Crise de confiança afastou 25% dos investidores da bolsa
Somente maiores direitos para os investidores e controles mais severos de empresas e auditores farão com que acabe a crise de confiança, segundo Klaus Schneider, presidente da Associação de Proteção aos Acionistas (SdK), sediada em Frankfurt. Se não forem tomadas providências, mais pessoas irão virar as costas à Bolsa de Valores. Depois de chegar ao auge em 2000, o número de acionistas caiu 25%. Atualmente, 11,6 milhões de alemães possuem ações, 18% da população acima de 14 anos. Desde 2000, o Mercado Novo, segmento das firmas de tecnologia avançada e internet na Bolsa de Frankfurt, perdeu 70 firmas, aproximadamente a metade, através de falências. Cerca de 90% dos balancetes de firmas do Mercado Novo apresentam falhas, reclamou Schneider.

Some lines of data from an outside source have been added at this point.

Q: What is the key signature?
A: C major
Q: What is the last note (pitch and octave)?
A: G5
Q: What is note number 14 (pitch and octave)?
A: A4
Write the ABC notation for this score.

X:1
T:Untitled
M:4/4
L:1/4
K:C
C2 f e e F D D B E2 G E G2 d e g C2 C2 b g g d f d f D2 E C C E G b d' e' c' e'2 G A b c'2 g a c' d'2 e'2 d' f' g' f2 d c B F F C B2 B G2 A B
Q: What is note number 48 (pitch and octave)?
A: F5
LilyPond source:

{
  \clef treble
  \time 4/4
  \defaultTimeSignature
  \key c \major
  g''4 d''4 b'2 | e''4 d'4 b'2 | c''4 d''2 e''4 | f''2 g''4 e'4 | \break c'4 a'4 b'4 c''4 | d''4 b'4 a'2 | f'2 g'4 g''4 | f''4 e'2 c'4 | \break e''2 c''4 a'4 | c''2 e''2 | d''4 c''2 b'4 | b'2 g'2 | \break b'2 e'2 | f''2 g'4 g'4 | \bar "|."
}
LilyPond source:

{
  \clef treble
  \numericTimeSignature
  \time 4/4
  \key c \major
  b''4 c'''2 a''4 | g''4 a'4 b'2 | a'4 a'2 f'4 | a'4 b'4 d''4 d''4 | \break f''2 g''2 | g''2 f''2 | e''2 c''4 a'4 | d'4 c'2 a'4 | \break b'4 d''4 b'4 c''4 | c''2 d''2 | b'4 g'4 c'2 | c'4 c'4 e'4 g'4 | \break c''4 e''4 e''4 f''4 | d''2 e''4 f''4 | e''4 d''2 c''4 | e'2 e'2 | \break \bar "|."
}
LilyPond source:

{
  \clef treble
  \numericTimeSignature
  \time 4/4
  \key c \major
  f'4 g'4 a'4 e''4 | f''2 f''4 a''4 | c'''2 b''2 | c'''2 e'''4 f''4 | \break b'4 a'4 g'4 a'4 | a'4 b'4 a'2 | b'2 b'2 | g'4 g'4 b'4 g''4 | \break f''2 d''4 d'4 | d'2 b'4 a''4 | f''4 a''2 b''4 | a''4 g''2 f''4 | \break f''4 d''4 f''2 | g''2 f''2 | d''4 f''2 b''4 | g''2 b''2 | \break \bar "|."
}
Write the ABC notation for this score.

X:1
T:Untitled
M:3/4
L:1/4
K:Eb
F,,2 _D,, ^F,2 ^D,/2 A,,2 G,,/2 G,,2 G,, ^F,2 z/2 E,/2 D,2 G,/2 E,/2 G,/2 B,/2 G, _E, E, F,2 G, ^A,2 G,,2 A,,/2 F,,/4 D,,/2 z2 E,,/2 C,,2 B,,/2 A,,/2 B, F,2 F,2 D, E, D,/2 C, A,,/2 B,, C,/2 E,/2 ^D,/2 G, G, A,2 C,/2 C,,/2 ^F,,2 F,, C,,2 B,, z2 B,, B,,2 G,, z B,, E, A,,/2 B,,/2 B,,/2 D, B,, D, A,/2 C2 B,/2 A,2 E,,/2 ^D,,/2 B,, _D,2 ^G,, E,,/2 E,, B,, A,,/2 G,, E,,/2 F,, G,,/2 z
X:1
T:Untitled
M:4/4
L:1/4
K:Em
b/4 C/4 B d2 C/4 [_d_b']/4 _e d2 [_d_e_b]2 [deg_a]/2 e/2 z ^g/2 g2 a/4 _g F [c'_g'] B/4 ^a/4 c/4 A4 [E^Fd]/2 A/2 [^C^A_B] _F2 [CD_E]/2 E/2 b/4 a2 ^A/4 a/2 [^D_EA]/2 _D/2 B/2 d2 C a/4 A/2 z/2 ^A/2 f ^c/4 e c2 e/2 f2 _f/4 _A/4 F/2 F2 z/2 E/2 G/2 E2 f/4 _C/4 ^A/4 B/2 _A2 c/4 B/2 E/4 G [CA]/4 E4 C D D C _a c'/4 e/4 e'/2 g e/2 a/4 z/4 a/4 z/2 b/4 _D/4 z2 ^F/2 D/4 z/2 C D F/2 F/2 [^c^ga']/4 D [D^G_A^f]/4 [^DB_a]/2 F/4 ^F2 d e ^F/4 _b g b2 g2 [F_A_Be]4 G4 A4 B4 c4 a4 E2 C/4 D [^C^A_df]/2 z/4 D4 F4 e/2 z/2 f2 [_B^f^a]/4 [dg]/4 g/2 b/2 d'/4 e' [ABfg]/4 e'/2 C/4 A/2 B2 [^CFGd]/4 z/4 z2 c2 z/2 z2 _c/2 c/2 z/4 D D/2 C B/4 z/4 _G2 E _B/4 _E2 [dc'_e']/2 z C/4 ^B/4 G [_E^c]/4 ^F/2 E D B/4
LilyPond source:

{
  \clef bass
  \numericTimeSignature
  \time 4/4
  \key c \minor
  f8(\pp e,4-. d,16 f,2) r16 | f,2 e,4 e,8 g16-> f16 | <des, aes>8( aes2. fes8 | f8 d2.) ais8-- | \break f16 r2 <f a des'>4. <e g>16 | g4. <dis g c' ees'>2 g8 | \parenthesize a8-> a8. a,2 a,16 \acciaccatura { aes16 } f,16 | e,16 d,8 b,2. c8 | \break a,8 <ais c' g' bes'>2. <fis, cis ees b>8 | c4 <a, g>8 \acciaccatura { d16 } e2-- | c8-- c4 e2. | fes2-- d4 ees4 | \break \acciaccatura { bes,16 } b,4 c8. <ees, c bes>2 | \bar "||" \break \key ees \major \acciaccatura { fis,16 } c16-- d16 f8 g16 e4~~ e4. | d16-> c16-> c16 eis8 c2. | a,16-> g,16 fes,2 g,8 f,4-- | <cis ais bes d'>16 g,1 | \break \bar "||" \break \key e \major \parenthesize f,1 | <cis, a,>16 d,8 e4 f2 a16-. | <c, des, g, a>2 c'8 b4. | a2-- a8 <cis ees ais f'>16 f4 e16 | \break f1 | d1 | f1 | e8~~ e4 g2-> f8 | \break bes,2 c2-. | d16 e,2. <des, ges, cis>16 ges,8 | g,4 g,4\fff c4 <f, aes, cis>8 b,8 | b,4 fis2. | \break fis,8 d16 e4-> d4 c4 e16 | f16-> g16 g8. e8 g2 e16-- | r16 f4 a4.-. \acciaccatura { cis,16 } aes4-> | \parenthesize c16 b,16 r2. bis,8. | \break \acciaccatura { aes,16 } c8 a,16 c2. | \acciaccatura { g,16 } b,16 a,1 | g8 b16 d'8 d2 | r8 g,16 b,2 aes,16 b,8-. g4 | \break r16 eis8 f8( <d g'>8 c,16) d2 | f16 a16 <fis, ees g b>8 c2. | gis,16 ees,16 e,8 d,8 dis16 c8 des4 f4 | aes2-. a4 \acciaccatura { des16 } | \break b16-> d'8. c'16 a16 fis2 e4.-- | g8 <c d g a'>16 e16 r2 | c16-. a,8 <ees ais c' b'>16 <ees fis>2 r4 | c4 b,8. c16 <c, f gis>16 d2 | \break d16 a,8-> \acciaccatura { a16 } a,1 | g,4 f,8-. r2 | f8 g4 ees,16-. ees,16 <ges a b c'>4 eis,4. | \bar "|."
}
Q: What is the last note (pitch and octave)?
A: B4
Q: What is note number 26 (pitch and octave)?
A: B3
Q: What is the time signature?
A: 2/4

Abaixo a ganância e a mentira
Os auditores muitas vezes não fazem bem seu trabalho e os conselhos administrativos não conseguem controlar a diretoria das empresas. Mas também sobrou para os executivos: "A ganância dos altos executivos é mais uma causa da crise de confiança. O mais criticável são os programas de opção de compra de ações para a diretoria. A DaimlerChrysler, por exemplo, reservou ações no volume de 3 bilhões de marcos para seus executivos", um exagero segundo Schneider, que não deixa por menos: "Os salários dos diretores é outro tema escabroso. Afinal, não tem cabimento o diretor de uma grande empresa com ações na bolsa ganhar um salário 40 vezes superior ao do chanceler federal." O salário da diretoria do Deutsche Bank aumentou 83% em média em cada um dos últimos três anos, embora tenham diminuído os lucros e os dividendos do capital próprio. "A moral tem que se impor sobre a ganância", exige a Associação de Proteção ao Pequeno Acionista, diante dessas práticas.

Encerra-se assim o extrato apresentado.